(Supplied material)

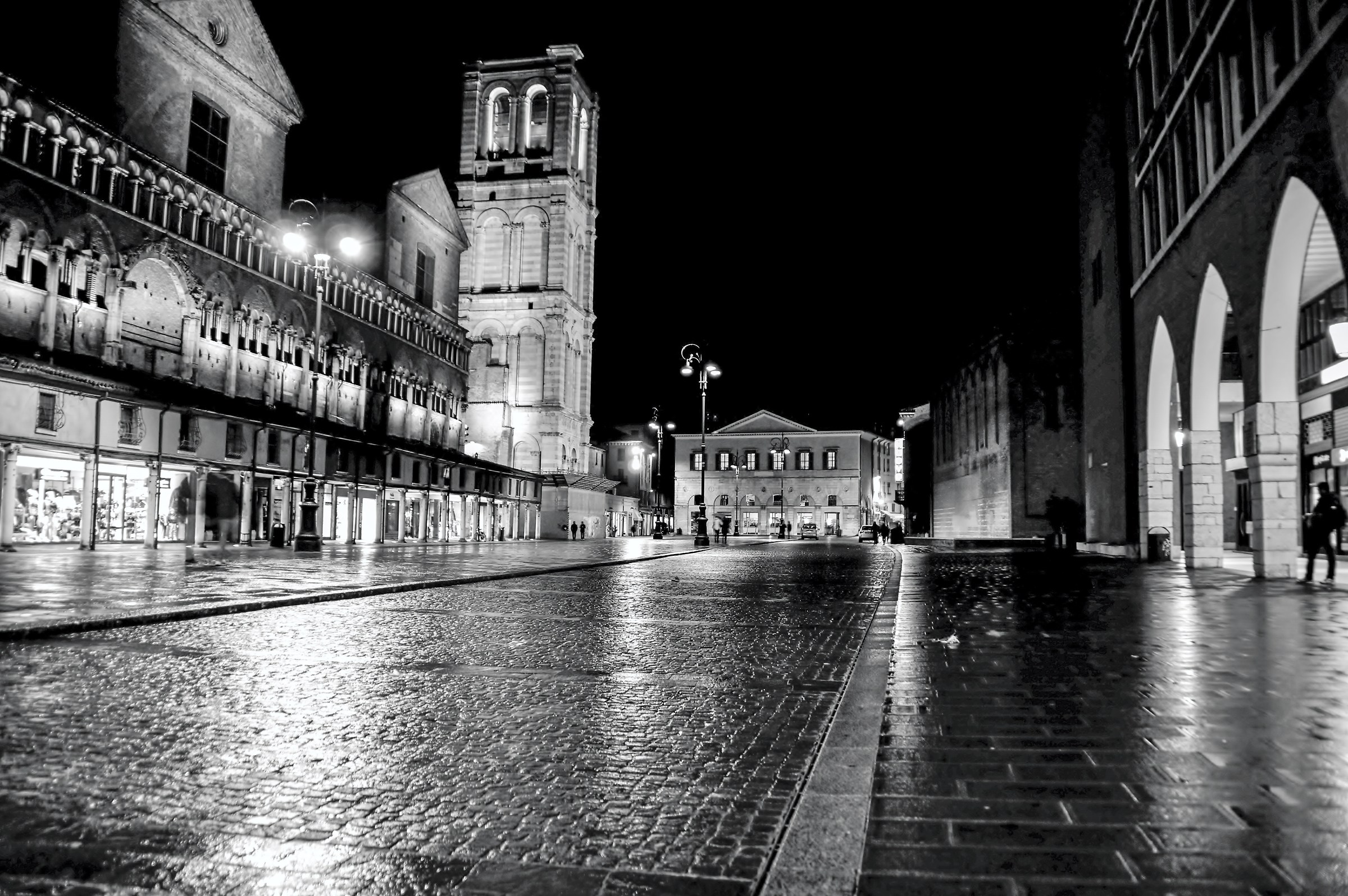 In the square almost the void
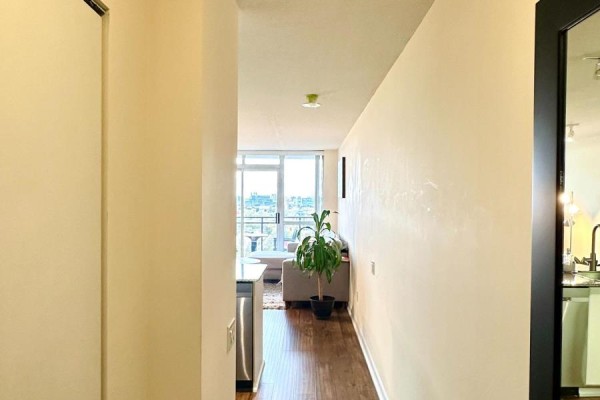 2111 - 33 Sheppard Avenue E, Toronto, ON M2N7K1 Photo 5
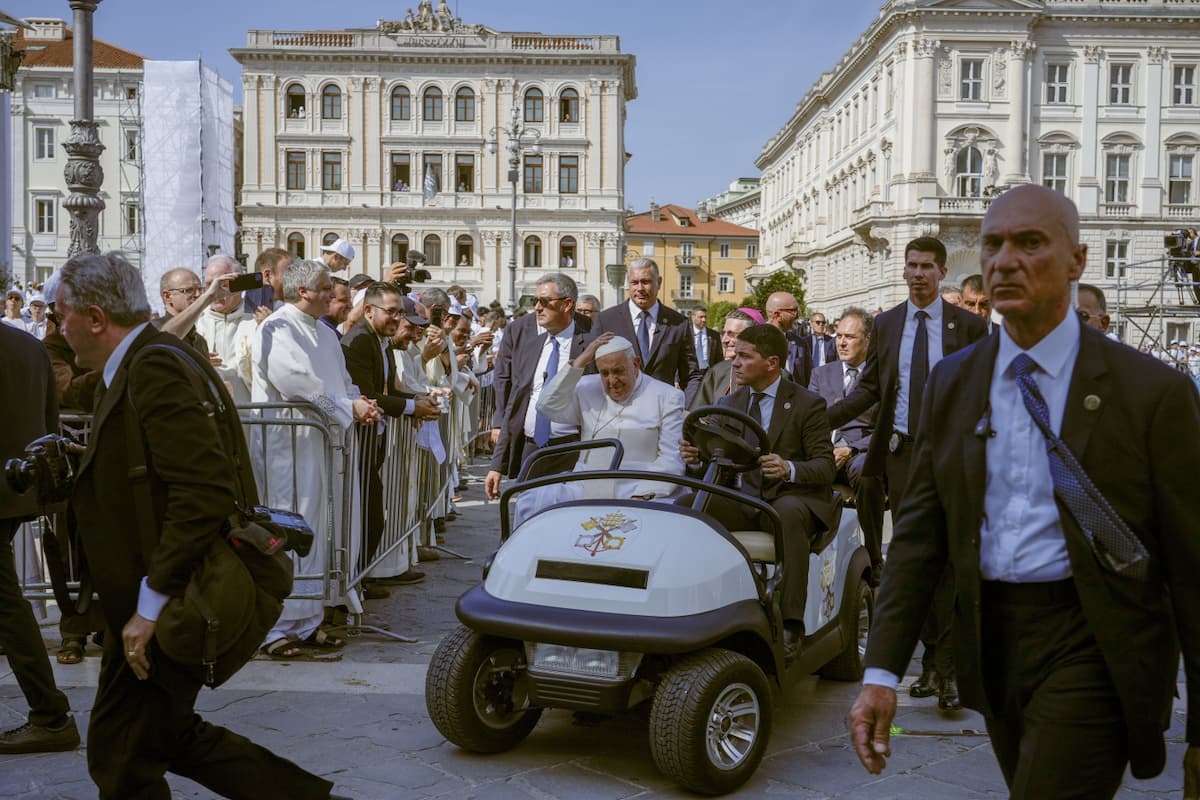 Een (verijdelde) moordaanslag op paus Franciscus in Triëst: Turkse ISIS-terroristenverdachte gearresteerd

(End Supplied material)

▶ What to produce: Quote all the lines above exactly as given. Do not include the pictures.

▶ Answer box:
 In the square almost the void
 2111 - 33 Sheppard Avenue E, Toronto, ON M2N7K1 Photo 5
 Een (verijdelde) moordaanslag op paus Franciscus in Triëst: Turkse ISIS-terroristenverdachte gearresteerd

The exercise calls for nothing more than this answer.